The Reds have quite the positional conundrum on their hands at the moment. Senzel, who should be plenty ready to make a run at a big league spot as soon as the cutoff for a seventh season of team control comes around mid-April, is still blocked at both 3B and 2B by Suarez and Scooter Gennett, meaning the idea of a move to the OF has been initially explored. And, as mentioned previously, the most logical on-paper opening in the everyday lineup is in CF, as Hamilton has long struggled and is in his final year of team control.

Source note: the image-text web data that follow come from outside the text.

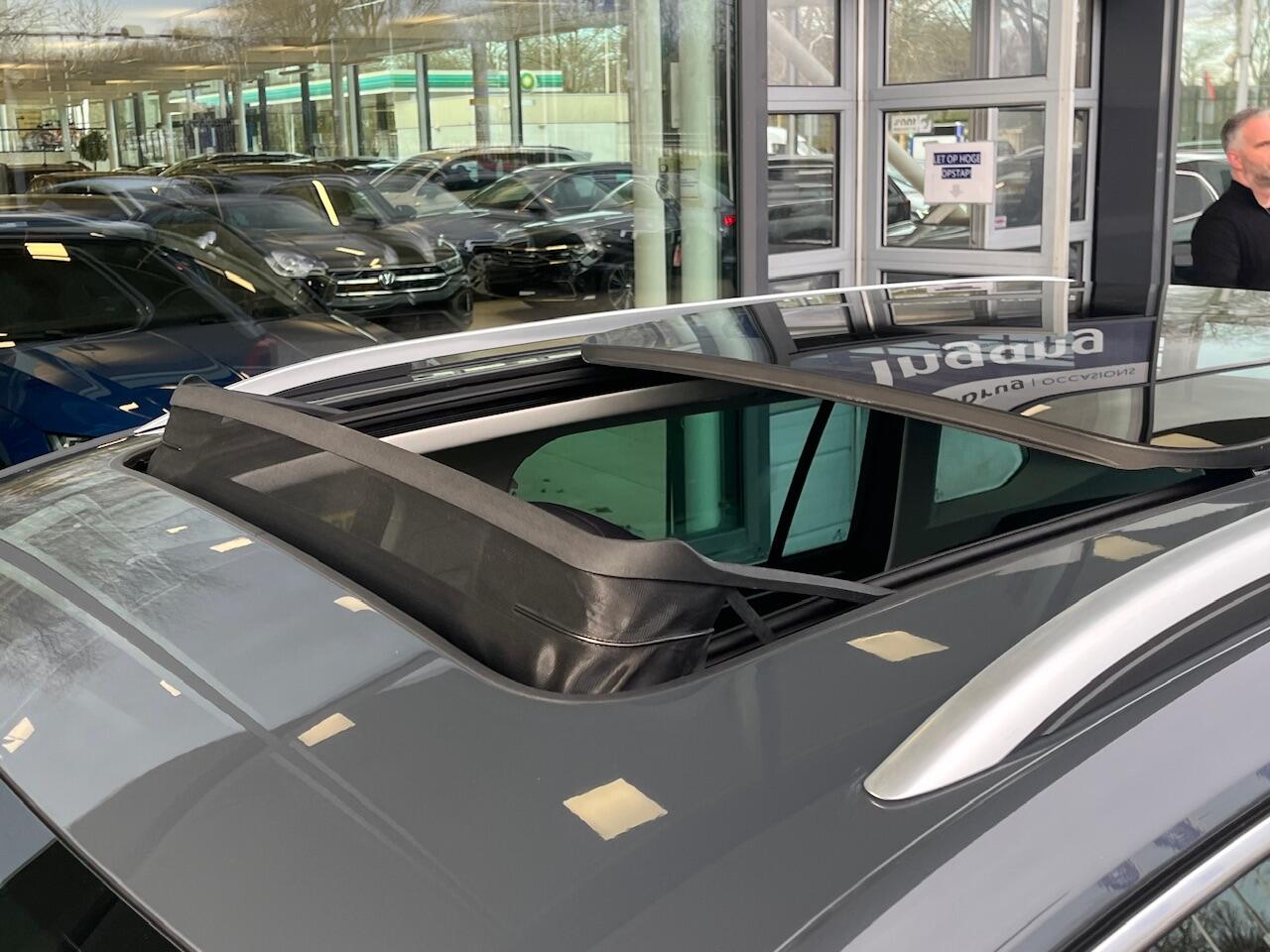 Volkswagen TIGUAN 1.4 TSI 245pk DSG eHybrid Elegance / Zwenkbare Trekhaak / Panoramadak / Elek Achterklep Met Virtual Pedal / LED Matrix / Camera / 18'' LMV / Navigatie / Carplay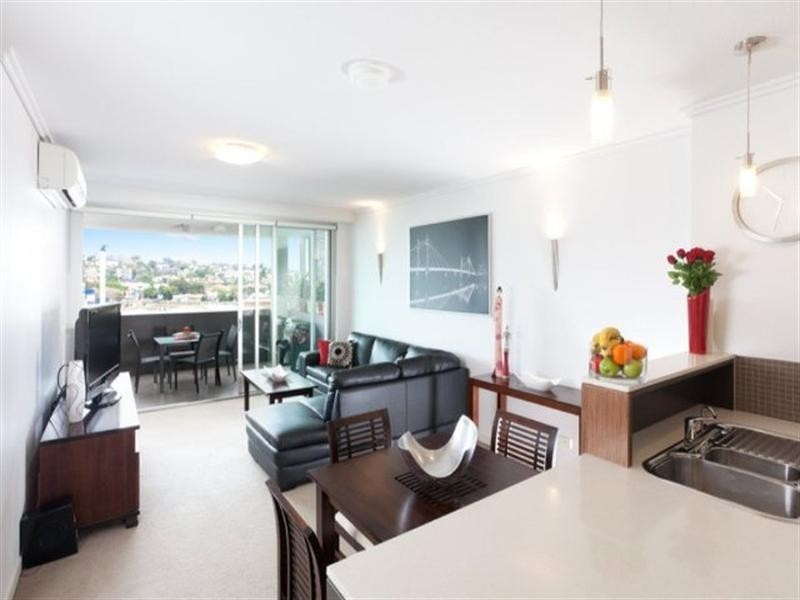 856/43 Hercules Street, Hamilton QLD 4007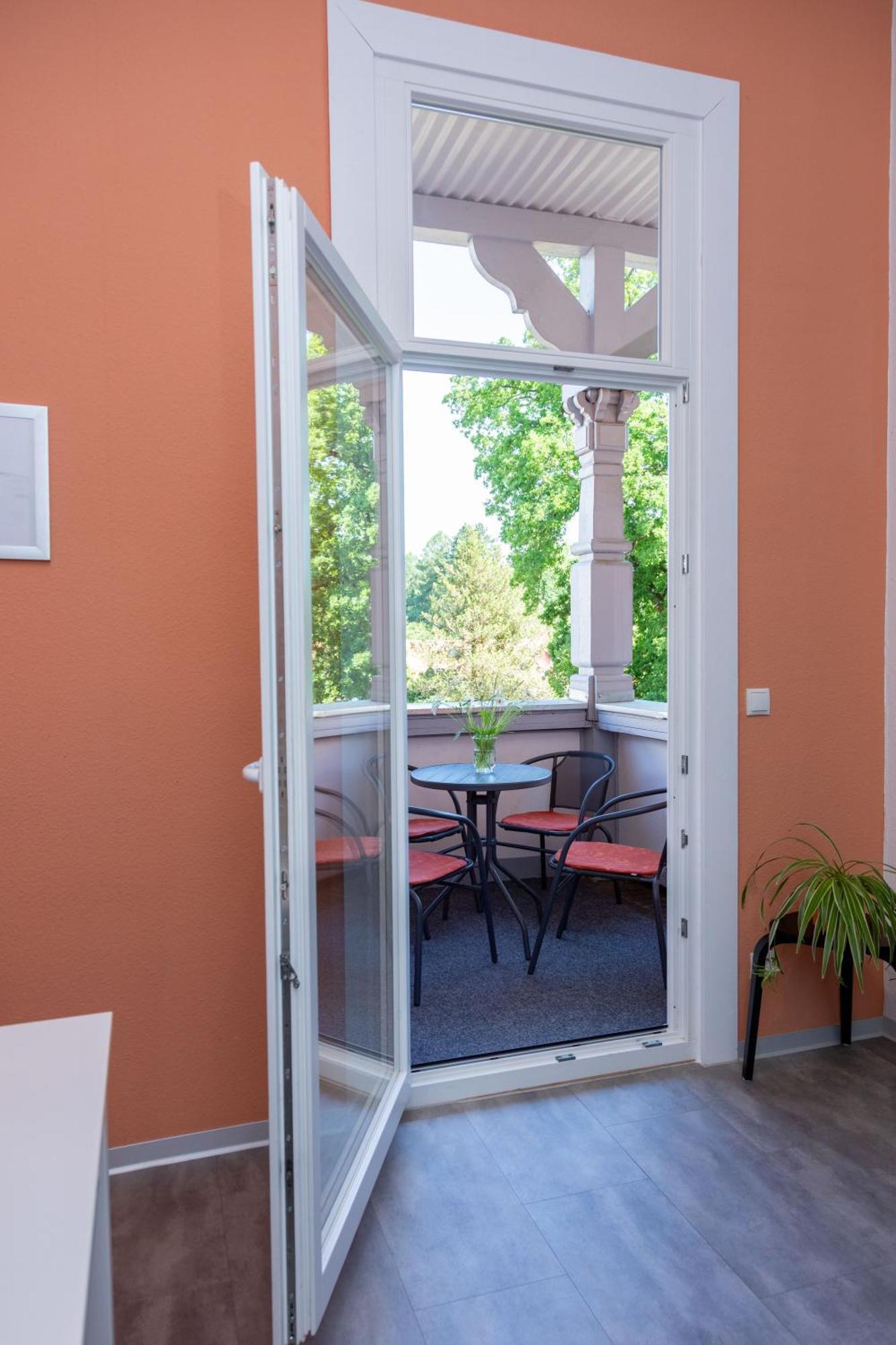 Moderne Ferienwohnung In Alter Villa Georgenthal  Zewnętrze zdjęcie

Whether or not Senzel can man CF capably is still an unknown at this point, but is certainly something that the Reds appear to be considering, at least for the 2019 season.

That said, Hamilton is still around at this point, and Gennett - who is also entering his final year of team control - is still no lock to be around long term despite the initial rumblings of a contract extension being in the works. In other words, Senzel could still very well be the 2B of the future in a post-2019 Reds world regardless of where he spends his 2019 season, though that’s getting a bit far down this speculative road at this juncture.

The point is, I think, that we might well be overlooking how Siri fits into the Reds plans both for this year and beyond. It’s likely he’ll get to cut his AAA chops at Louisville to begin the year, where he’ll once again have the chance to show his early 2018 struggles were injury-related, and where he’ll hopefully have his power/speed combo on display. He’s not without flaws, of course - his low walk rates and a strikeout rate that hovers around 25% are likely why he hasn’t cracked any Top 100 lists - but his defensive talent at a premium position and plus raw power and speed give him several skills that might well make him the next under-the-radar prospect to provide real value at the big league level for the Reds.